“Do-overs” are great! I remember being very young and hearing the expression, “Do-over.” Usually we were playing a game and someone would mess up and that person would say, “Do-over!” Many years later, as an adult, I was standing on the first tee box on a golf course. I hit a terrible shot and someone said, “Take a mulligan.” (Hit another ball). I did. (The first of many taken through the years). “Do-overs” are great!
I can look back and see some areas of my life where I wish that I could have a “do-over.” If you could go back and do some things differently, what would you do? This is what I have been thinking:
1. I would enjoy the moment more. How often I have found myself anxious about the future instead of just living fully in the moment. Several times in our marriage, Charlotte has said to me, “Why don’t we just enjoy right now, instead of getting so upset.” (Maybe upset with the kids, etc.)

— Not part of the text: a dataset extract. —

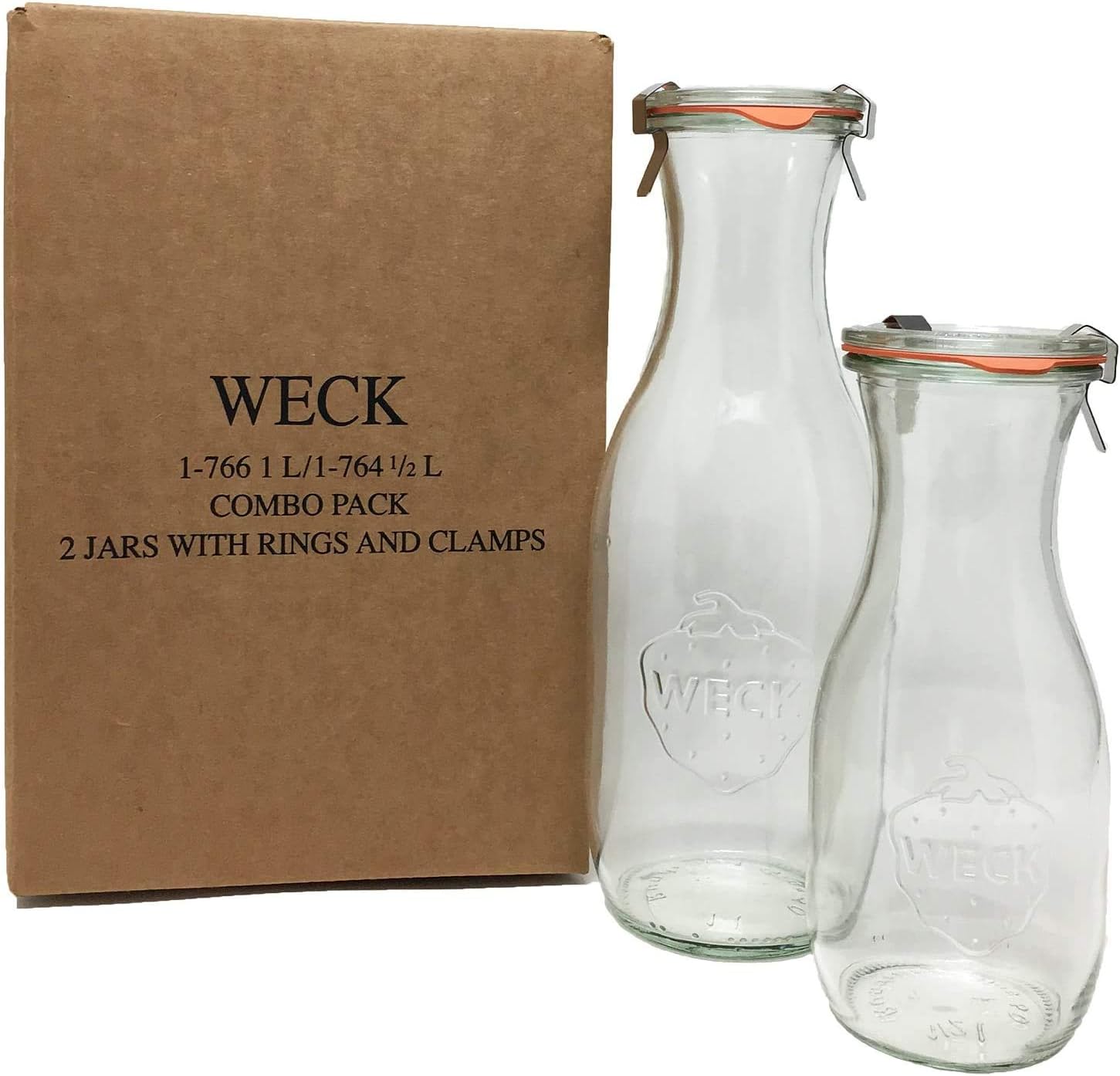 Weck Paquete combinado de tarros de jugo (1) 766 tarro de 1 litro (1) tarro 764 de 12 litros con tapas de vidrio, anillos de goma y abrazaderas de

2. I would laugh more. Yes, there are things that happen that are frustrating, terrible, horrible, etc. Yes, I know that there are moments that are tense. But–there are so many little moments that are funny! Charlotte and I once knew a woman who cut out cartoons from the newspaper and posted them on the refrigerator door because she wanted to encourage her family to laugh.
3. I would spend less time worrying about people who choose to be miserable. I really thought, many years ago, that if a person did everything just right then the people around him/her would all be happy. As a young preacher, I thought the same about the church. I did not realize that there are people who almost enjoy being miserable. (I am not saying this with any sarcasm. I am serious). There are people who have functioned that way most of their lives. Every now and then a naive person will come along and think that if everything was just so-so for these people that they would finally be happy. Not true. (It is sort of like the situation that police officers sometimes face where they get a domestic violence call. A husband and wife are fighting. Upon his/her arrival, they stop fighting one another and start attacking the officer).
4. I would pay more attention to people who need loving than worrying about why I wasn’t being loved, or encouraged, or appreciated, etc.
5. I would focus more on loving my wife and children in everyday, practical ways. When all is said and done, I am very dispensable in most areas of my life. However, I am the only husband and father that my wife and children have.
6. I would pay more attention to what God is already doing in the people who he brings into my life. Too often, I have focused on the future, thinking that one day all of the circumstances will finally come together. The moment is what I have.
7. I would accept and appreciate the situation that I am in (with all of its messiness), instead of always thinking “If only…” I can get into the “if only” mentality right now. When I do that I begin to feel like a victim. “Things would be different for me if only we had better…more…different…new…” Then I begin to feel like a victim thinking that if it weren’t for someone else’s shortcomings, my life, circumstances, the church, etc. would be so much better.
What would you do differently? Thinking about this has been good. It reminds me that I still can live differently. This week.